During our shoot, I asked him to give me a screaming attitude, and used smoke to make it edgier. You have choices to be more like portraiture, still photography, looking at the camera or sitting, but the screaming shot was perfect. Therefore, the title, The Total Blackout Tour, came after the image—so it was a total creative collaboration.
How do you make your finances work as a full time photographer?
Most people believe that a photographer is making good money no matter what, but it’s not true. When it comes to editorial projects, magazines don’t pay much unless you’re on staff. The New York Times, The New Yorker, and Esquire cover your expenses and day rate, which is around $500, but by the time you’re done editing and retouching images, and deduct your taxes, you’re not left with much.
There’s a level of prestige shooting for these publications, so when I was starting out, it was great. However, when I’m commissioned for campaigns from creative agencies, organizations, and celebrity projects like Chris Rock’s tour, these provide for me well beyond any editorial job. I own the copyrights for my image for multiple years, and it can be renewed. I receive royalties for any marketing and promotional use of the image whether it’s used online, on a poster, T-shirt or mug. And, when images I’ve shot are part of a global campaign or worldwide tour—this helps my work reach a wider, international audience. This meaningful work also helps fund my personal projects.
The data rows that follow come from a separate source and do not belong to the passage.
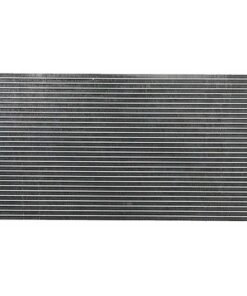 Buy A/C Condenser - 2015 - 2020 Buick Encore 1.4L 4-Cylinder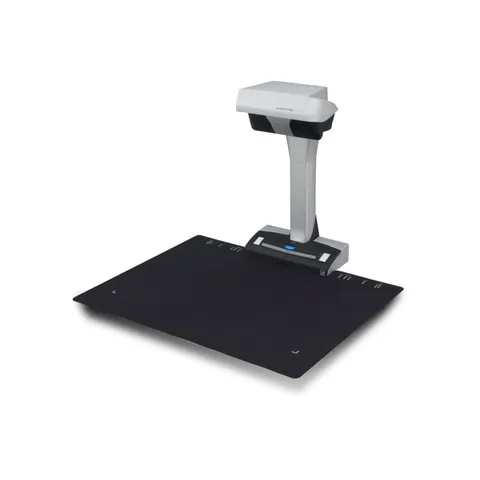 Bezkontakowy skaner dokumentów FUJITSU ScanSnap SV600 - A3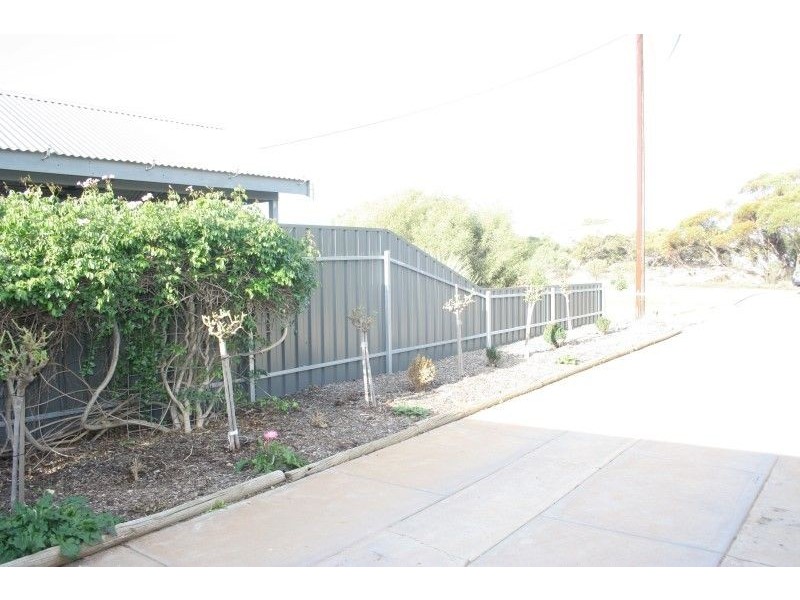 5 Camplin St, Wudinna SA 5652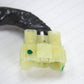 New Genuine Honda Acty Truck HA3 HA4 Key Cylinder Ignition Switch 35100-SJ6-043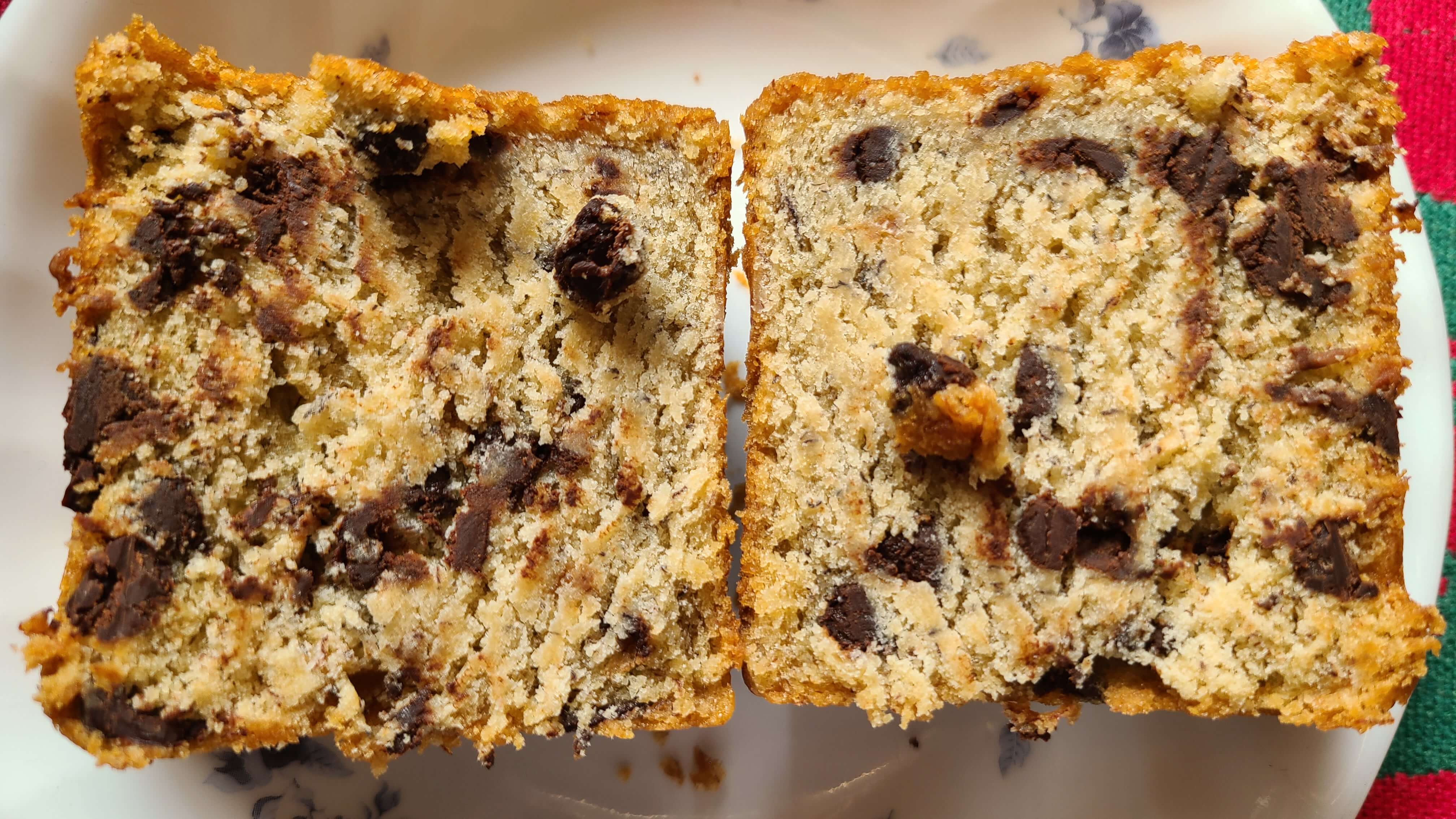 메이크-라이크-초코칩-바나나빵-맛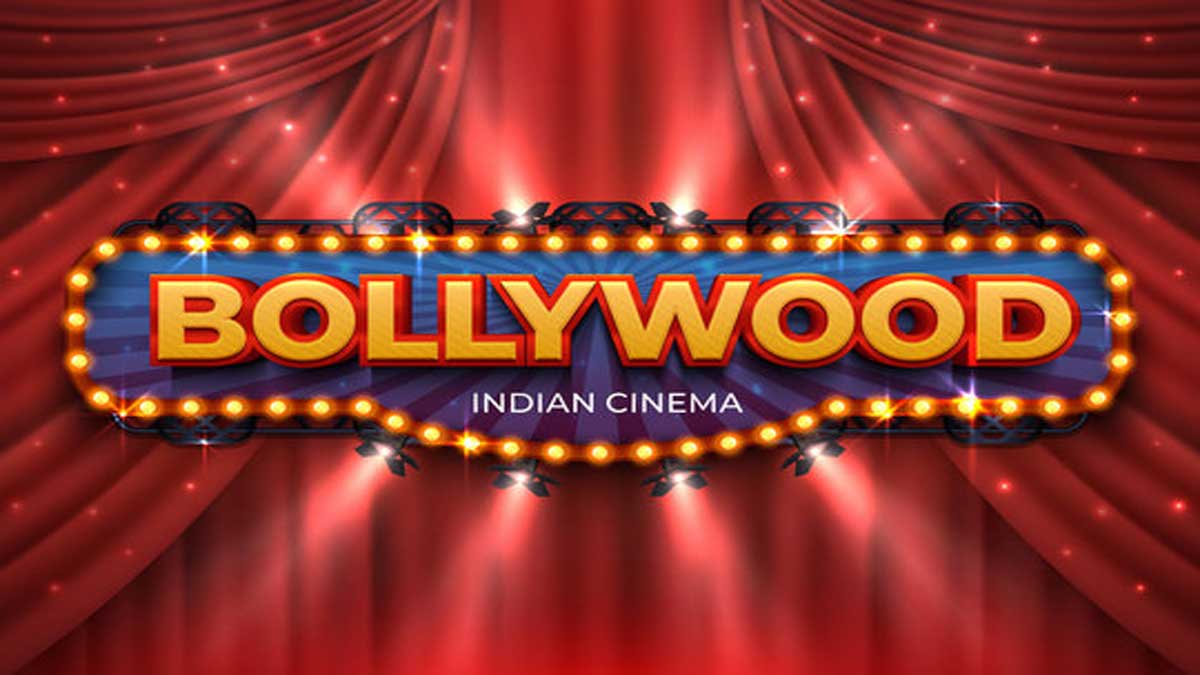 The Success of Bollywood Movies: Reasons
Finally, you’ve launched your personal project, Women of New York. What’s the inspiration behind this?
For the past eight years, I’ve been shooting women and girls, so the idea is to create visibility through classic portraiture. One day, I woke up after the We the People campaign, and felt like, “Damn, I’m lazy—I didn’t shoot enough women.” To develop structure, I realized I need to create a book, so I’ll shoot 200 women in New York, and cut it down to 111, because I love that number, and it symbolizes oneness.
For the first time, I’m blind casting for this project. I feel like if I select women, then I’m discriminating against other women who want to participate. I’m not going to do that. So, my assistant handles the model calls I post on Instagram, and 30 women might reply, and because they’ve expressed interest, they are part of this project.
I want to give each woman who has felt defeated, unprotected, ignored or degraded, a new light to shine on her brilliance and beauty. And, for the women who have always felt empowered, despite society dismissing her in the workplace, educational institutions, media outlets, and even in her home, I want Women of New York to illuminate her strength in ways she may never have imagined.